Architectural engineers focus on the engineering aspects of buildings; they design the structural systems, the mechanical systems, and the lighting and electrical systems of buildings, while tackling the challenges related to managing the construction process. This makes architectural engineering an ideal profession for individuals with strong math and science skills who are interested in the built environment in general and buildings in particular. While architectural engineers work with architects, they are engineers and not architects.
Architectural engineers design and build facilities that improve our standard of living and quality of life. They are creative problem solvers meeting the challenges of energy needs, building systems, urban development, and community planning. As an architectural engineer, you can design functional and aesthetic lighting solutions create buildings prepared to withstand earthquakes and other natural disasters, or invent affordable green technology to heat, cool, and power homes, offices, and large facilities with energy from the sun.
Curious about the classes you'll take as an architectural engineering major? Have a look at the sample undergraduate curriculum.

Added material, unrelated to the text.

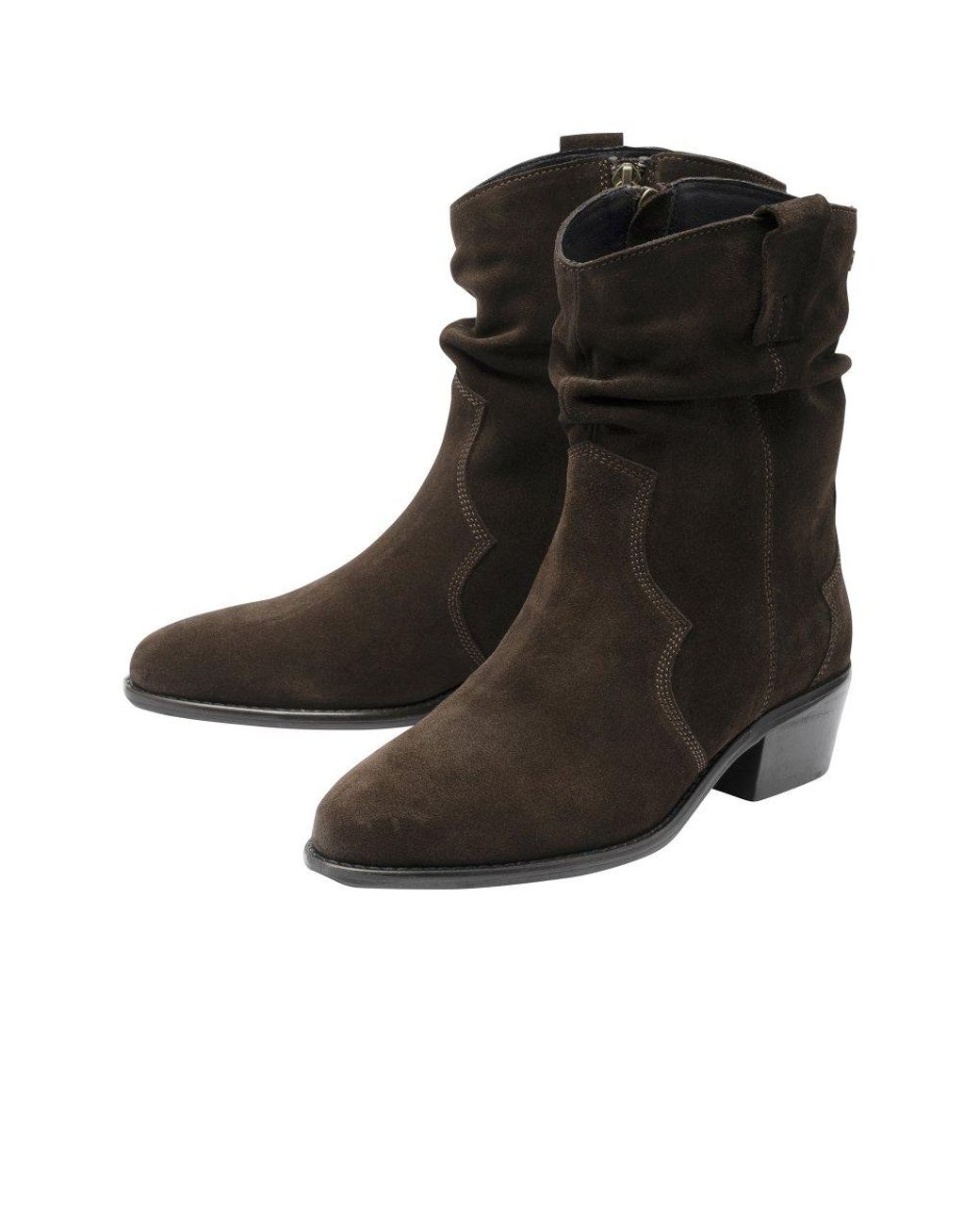 Lotus Black Dolly Ankle Boots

CU architectural engineering students learn their trade through hands-on work starting in their very first year. Hands-on design projects courses, extra-curricular opportunities such as Engineers Without Borders, and exciting co-op and internship experiences prepare our students with the technical, professional, and team skills that make them competitive for jobs after graduation. Students also have the opportunity to gain professional exposure through student societies on campus, which include the Architectural Engineering Institute and the Illuminating Engineering Society.
Architectural engineering tracks are available in construction management, electrical/lighting systems, mechanical systems, and structural systems. There also is an option to pursue a track in engineering science.
The department has a wide variety of laboratory facilities, including a state-of-the-art building energy facility, an illumination laboratory, and one of the largest structural laboratories in the Rocky Mountain region, all of which offer opportunities for independent study as well as undergraduate and graduate research. Students can participate in research on building efficiency and often work with the University of Colorado facilities management department and the National Renewable Energy Laboratory in Golden, Colorado. Other research opportunities include construction safety, energy-efficient lighting, and a host of structural testing projects on sustainable and energy-efficient materials.
Undergraduate students are encouraged to pursue research opportunities through independent study, the Undergraduate Research Opportunities Program, the Discovery Learning Apprenticeship program, or research assistantships with faculty.
CU graduates in architectural engineering are working at such companies as Accenture, Whiting-Turner Contracting, Elkhorn Construction, Hathaway Dinwiddie Construction, The Shaw Group, Sage Associates, Design West Architecture, and at lighting firms such as Cooper Lighting, LiteControl, and MCLA, to name only a few.
About 20 percent of CU-Boulder engineering bachelor’s graduates (college-wide) continue onto graduate school, gaining admittance to top schools such as MIT, Princeton, Harvard, Cornell, Stanford, University of California Berkeley, and the University of Texas at Austin.
Employment for architectural engineers is estimated to show average growth of between 7 and 13 percent through 2016. Significant growth is expected for jobs in energy efficiency and renewable technologies of building energy systems. (U.S. Bureau of Labor Statistics)
The average starting salary nationally for an architectural engineer in 2010 was $55,265. CU-Boulder graduates with a bachelor's degree in architectural engineering reported an average starting offer of $50,923.